::: Stored data :::

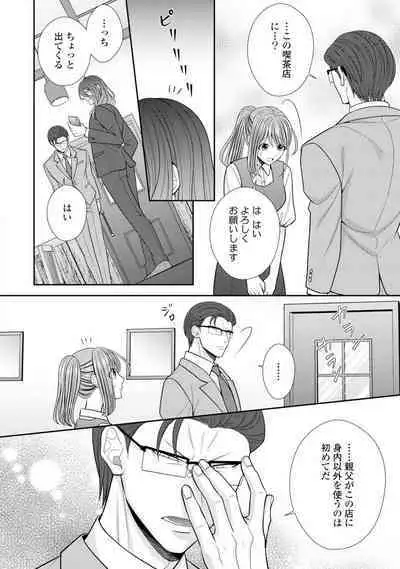 Sono Keisatsukan, Tokidoki Yajuu! 19-36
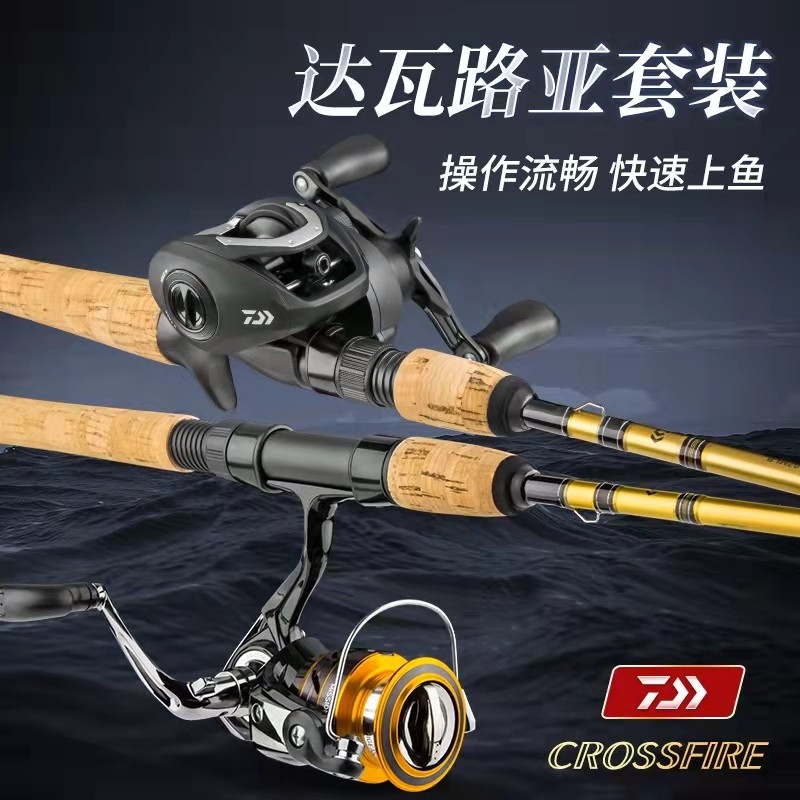 Imported Dahe Luya rod set far-cast water drop wheel full set of reel brand straight handle gun handle famous brand fishing rod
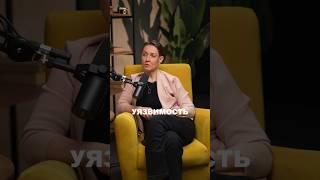ПАНЦИРЬ ПОДРОСТКА: Как не сломать его, когда он растёт #психология #воспитание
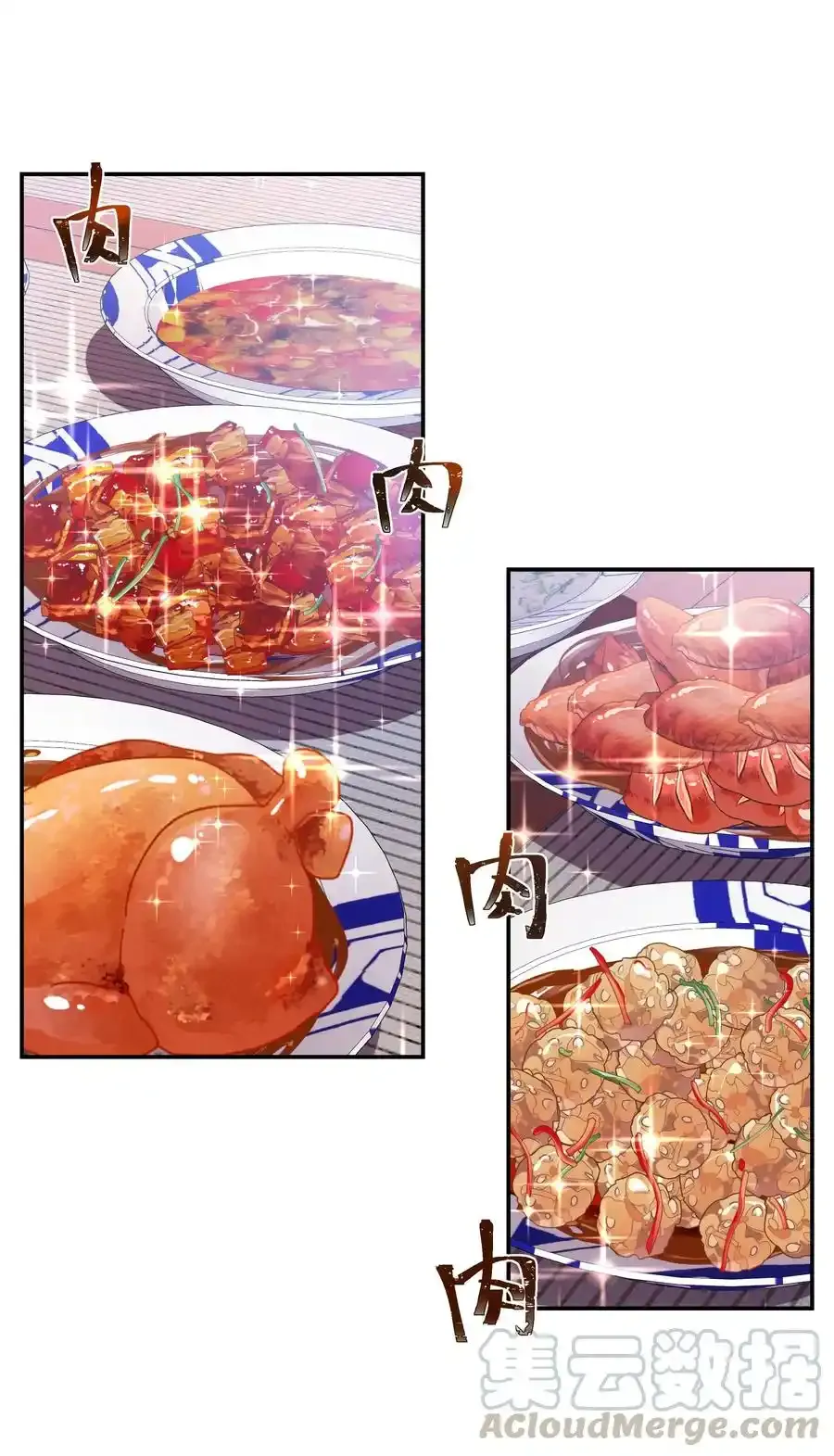 004 我们不是那种关系6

:::

• [Description of the task]: When you transcribe the lines above, keep every word exact but leave the pictures behind.

• [Task output]:
 Sono Keisatsukan, Tokidoki Yajuu! 19-36
 Imported Dahe Luya rod set far-cast water drop wheel full set of reel brand straight handle gun handle famous brand fishing rod
ПАНЦИРЬ ПОДРОСТКА: Как не сломать его, когда он растёт #психология #воспитание
 004 我们不是那种关系6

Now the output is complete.